The data
- - - - - - -
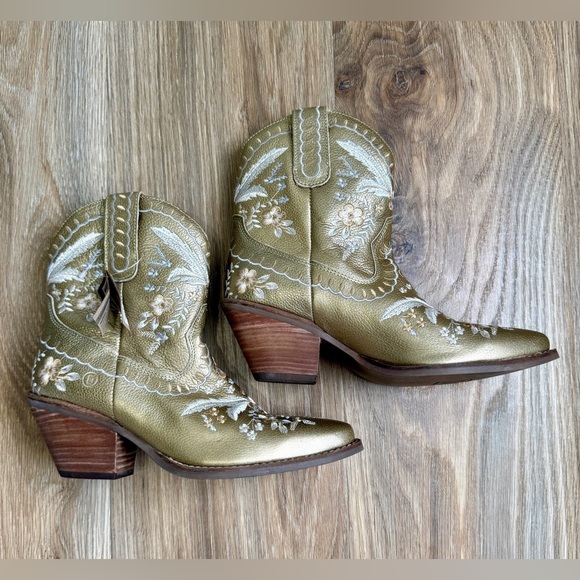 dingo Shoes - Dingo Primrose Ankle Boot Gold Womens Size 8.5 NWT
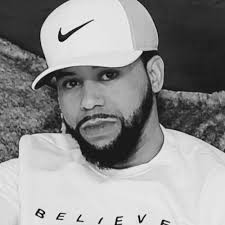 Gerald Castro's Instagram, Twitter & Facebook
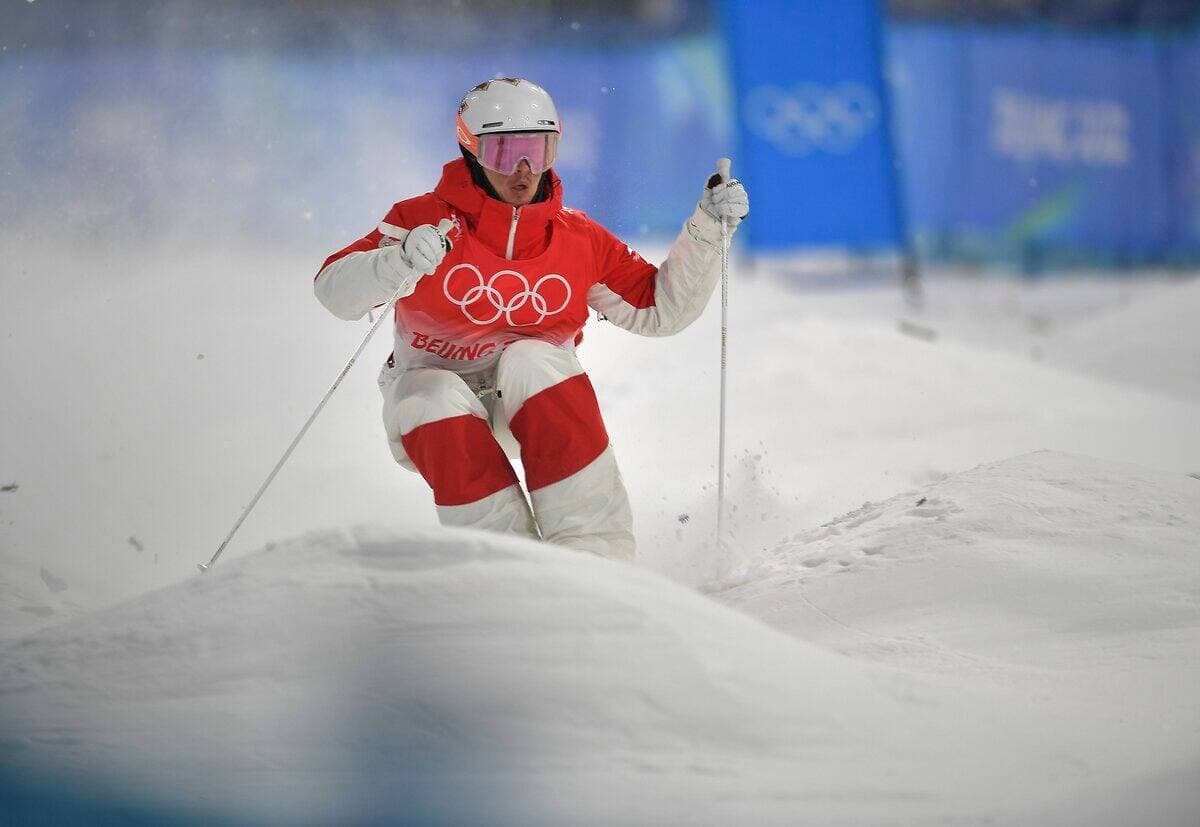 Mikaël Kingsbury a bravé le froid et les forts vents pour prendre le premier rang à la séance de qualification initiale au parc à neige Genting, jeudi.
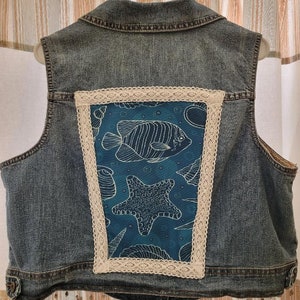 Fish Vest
- - - - - - -
With the pictures omitted, reproduce the data above exactly.

Reply
 dingo Shoes - Dingo Primrose Ankle Boot Gold Womens Size 8.5 NWT
 Gerald Castro's Instagram, Twitter & Facebook
 Mikaël Kingsbury a bravé le froid et les forts vents pour prendre le premier rang à la séance de qualification initiale au parc à neige Genting, jeudi.
 Fish Vest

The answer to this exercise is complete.